First week of full primary in god knows how long, I've added on up to kapo onto my Primary occasionally but it's been forever since I practiced the full series day after day after relentless day. And thenat Kristina, there are extras, hanumansana after the Prasarita's as well as samakonasana ( which I worked on in 2011 fro a while but not since). Then what else, standing trivikramasana after the utthita hasta padangusthasana subroutine then there is the handstand work, the flip over back and forth eventually down to urdhvanadhaurasana and back, the old backbend routine with the arms crossed over the chest as your dropped back to your head then half dropped back for five, the settling down to your elbows to take your heels then come back up, all old school stuff (some sight difference these days I believe, just as challenging). Oh and no more rest poses, I used to take it easy in the 2nd series twists, not any more, Kristina is on you like a short and takes you in another 360 degrees and then another 360, at least it feels that way. I did manage to skip the old style back bend routine this morning, slipped disc a bit of a bugger this morning. And I'm having it easy, I have friends here doing full primary plus all of the above minus the last couple of 2nd series postures
This shala really is a remarkable place, Kristina is remarkable, eyes on the back, side, top of her head as well as sixth sense, she misses nothing. As well as the regulars she has those of us who turn up for an extended stay of a week to a few months, respectful of our practice she is still offering suggestions and you find your self taking most of them on board... if she respects you and your practice so much you end up wanting to return the favour and at least try out, work through, her suggestions and run with them for awhile, there is wisdom here. Her husband Derek had a phenomenal practice, a great teacher supposedly (you only have to look at his long list of students, great teachers now themselves) just as she is in her own right, every now and then she'll give a passing demonstration, even if she's just demonstrating an uttanasana I can't help be struck by how deep and earthy a practice she has, EVERYTHING is contained in her uttanasana.

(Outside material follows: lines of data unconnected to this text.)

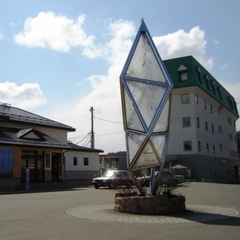 大湊駅・ホテル外観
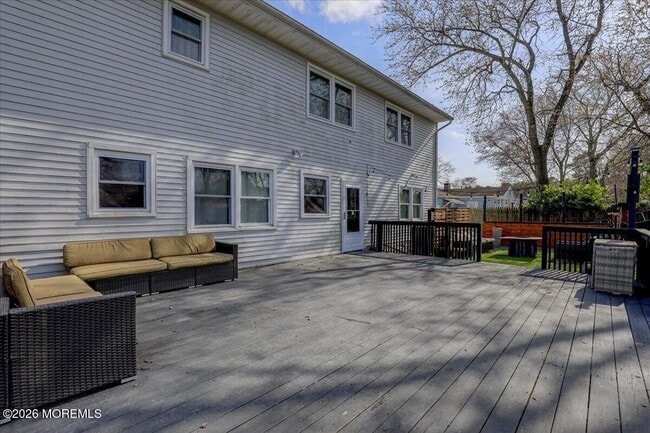 Building Photo - 247 Sprucewood Dr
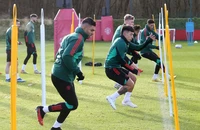 Ten Hag thông báo tình hình về hàng loạt ca chấn thương ở MU, nói về Sancho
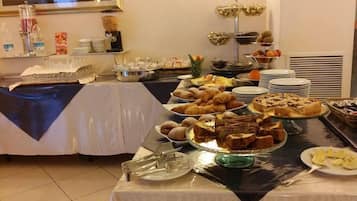 Free daily buffet breakfast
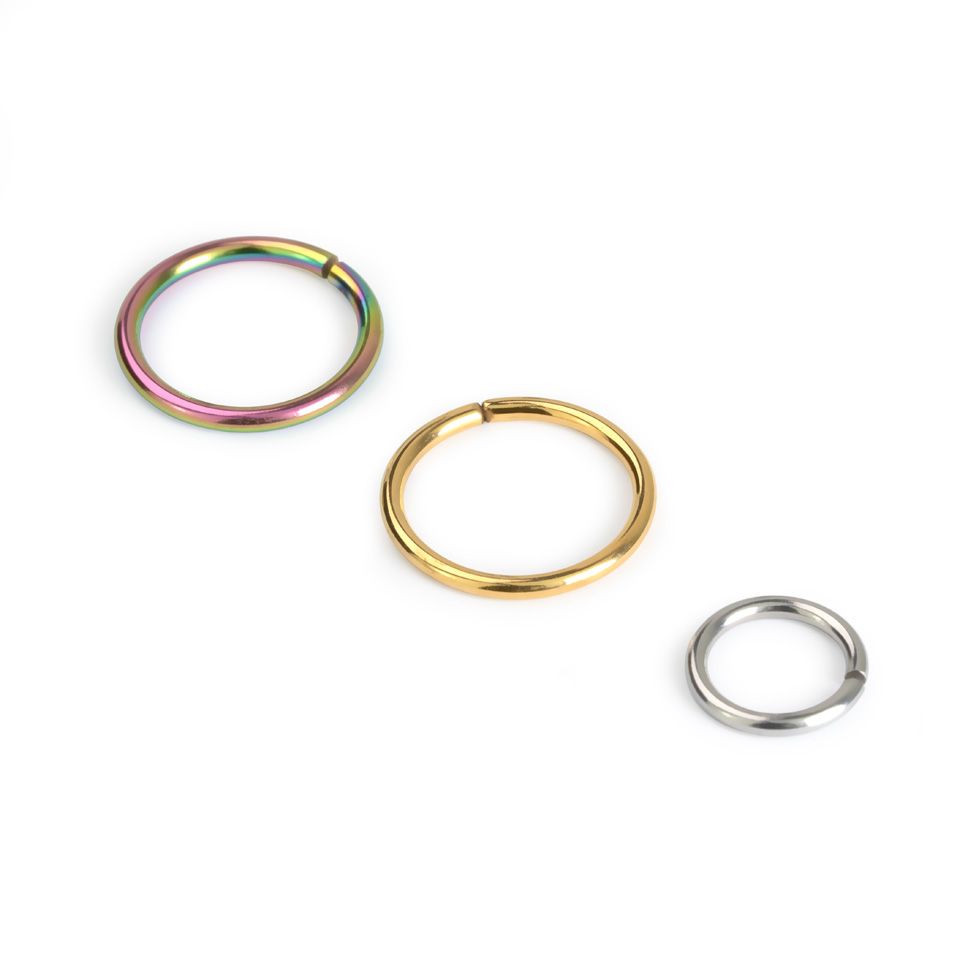 Anneau sans fin disponible en plusieurs couleurs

Nothing is missed, we have some beginners here, some who have been coming for a year some for perhaps ten or more and she slips from one pedagogic mode to the other. I remember back in my old Aikido days we had an exercise where you would have three opponents rush at you, one was bare handed, the next had a baton, the third a wooden knife, you job was to respond to each attacker with appropriate force and technique, after you would throw them they would come again and again and again, the idea was that you didn't use any effort of your own it was all techniques using your opponents force agains them. As well as those of us on 2nd or 3rd series she leads the beginners through their first surynamaskaras, but she also has ears for her wonderful assistant Nikos, if he gives an instruction she feels is unclear or misleading she is over like a shot with clarification, I'm envious of his apprenticeship. Don't tell me your authorised, it means nothing to me, just tell me who your apprenticeship was with and for how long. But then perhaps seven years in a shala counts as an apprenticeship of sorts, is it the same, close enough?
So my previous post playing around with the idea of endurance, of training, I had a commentator on fb mention that it was like gym, not sure he had actually read the post as I was actually writing about devotion, stoic submission but hey, it got me thinking. Gym...... gymnasium, the gymnasium had a profound place in Ancient greek society, it refers to a place of naked practice, the greeks used to practice their exercises naked, should remind you too of the old yogi's that Alexander met on his incursions into India, referred to as the gymnosophists, the naked philosophers. The gymnasium was not only a place of physical exercise but of the mind and of the spirit, moral and social education took place there too, think of the link between asana and yama and niyama, perhaps they do go hand in hand. With a physical practice the heightened sense of the body perhaps we need the moral education to go with it, a spiritual aspect of practice to counter or compliment the senses or perhaps we just need to embody the flights of fancy that the mind takes, purusha and prakriti, don't focus on one at the expense of the other, perhaps they need to be reflected back and forththe one upon the other.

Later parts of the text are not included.